Task directions:
Reproduce the section of the listing that begins at the line containing "Black Women's Down" and finishes at the line containing "Solved: Re: Interact". Include both end lines and nothing beyond them.

Exercise data:
★ ★ ★ ★ ★
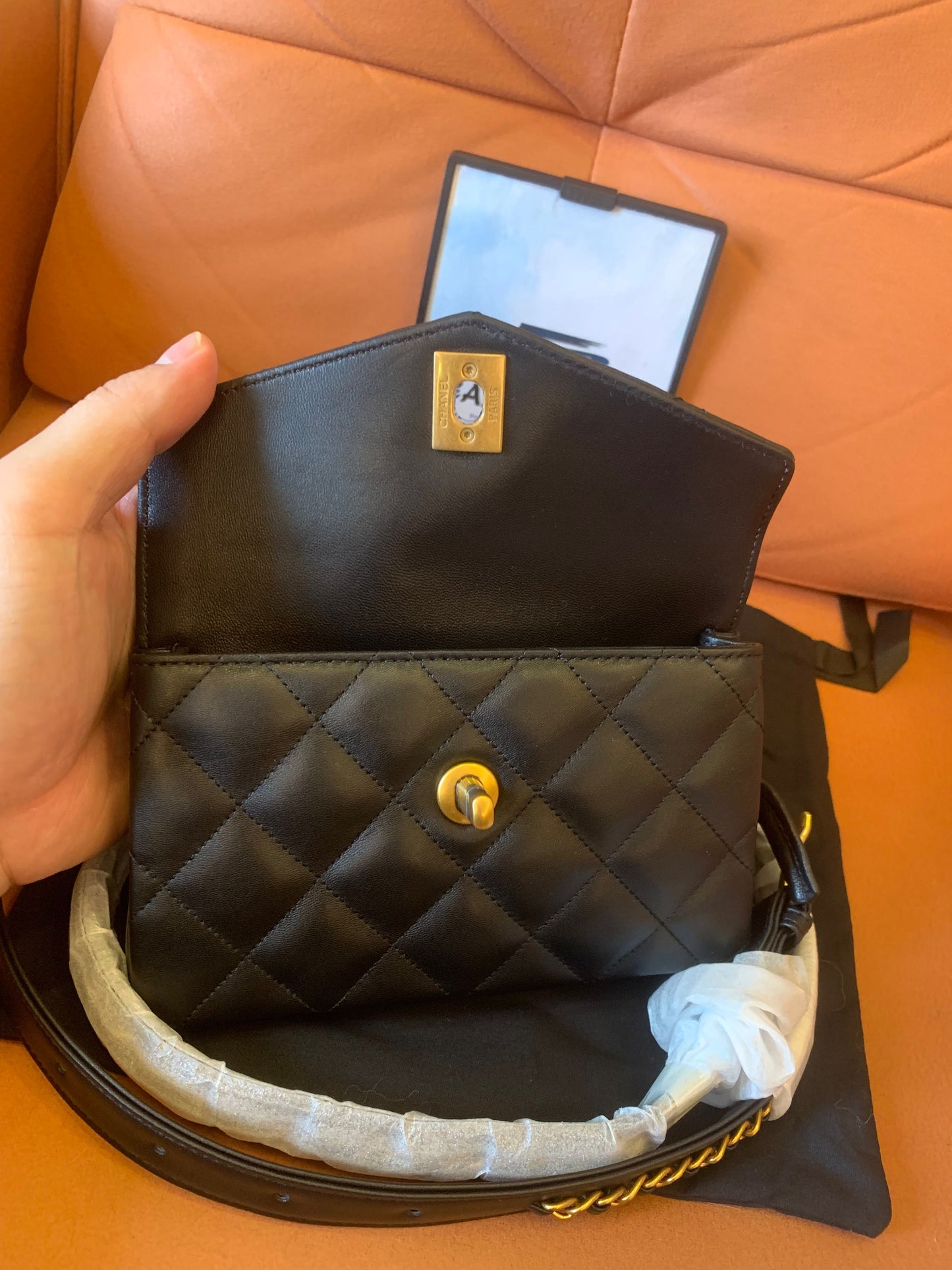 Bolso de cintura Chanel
★ ★ ★ ★ ★
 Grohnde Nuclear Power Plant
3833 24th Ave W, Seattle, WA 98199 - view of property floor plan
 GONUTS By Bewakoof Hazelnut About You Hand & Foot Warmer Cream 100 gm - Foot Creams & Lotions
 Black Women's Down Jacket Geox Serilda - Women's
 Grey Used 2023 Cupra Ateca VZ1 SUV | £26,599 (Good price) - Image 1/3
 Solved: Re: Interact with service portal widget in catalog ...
★ ★ ★ ★ ★
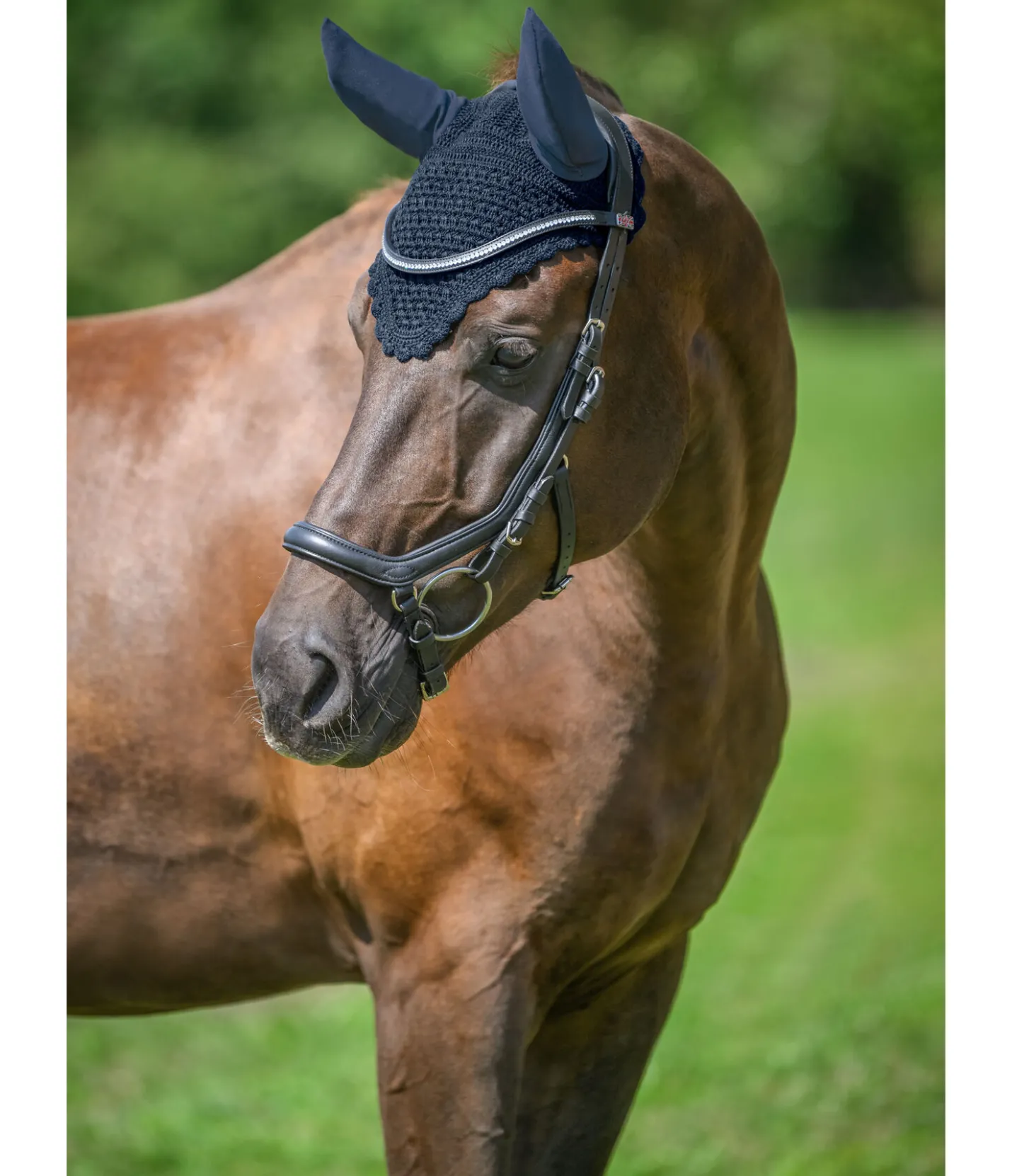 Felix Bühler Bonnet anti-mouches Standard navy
★ ★ ★ ★ ★
Expected output:
 Black Women's Down Jacket Geox Serilda - Women's
 Grey Used 2023 Cupra Ateca VZ1 SUV | £26,599 (Good price) - Image 1/3
 Solved: Re: Interact with service portal widget in catalog ...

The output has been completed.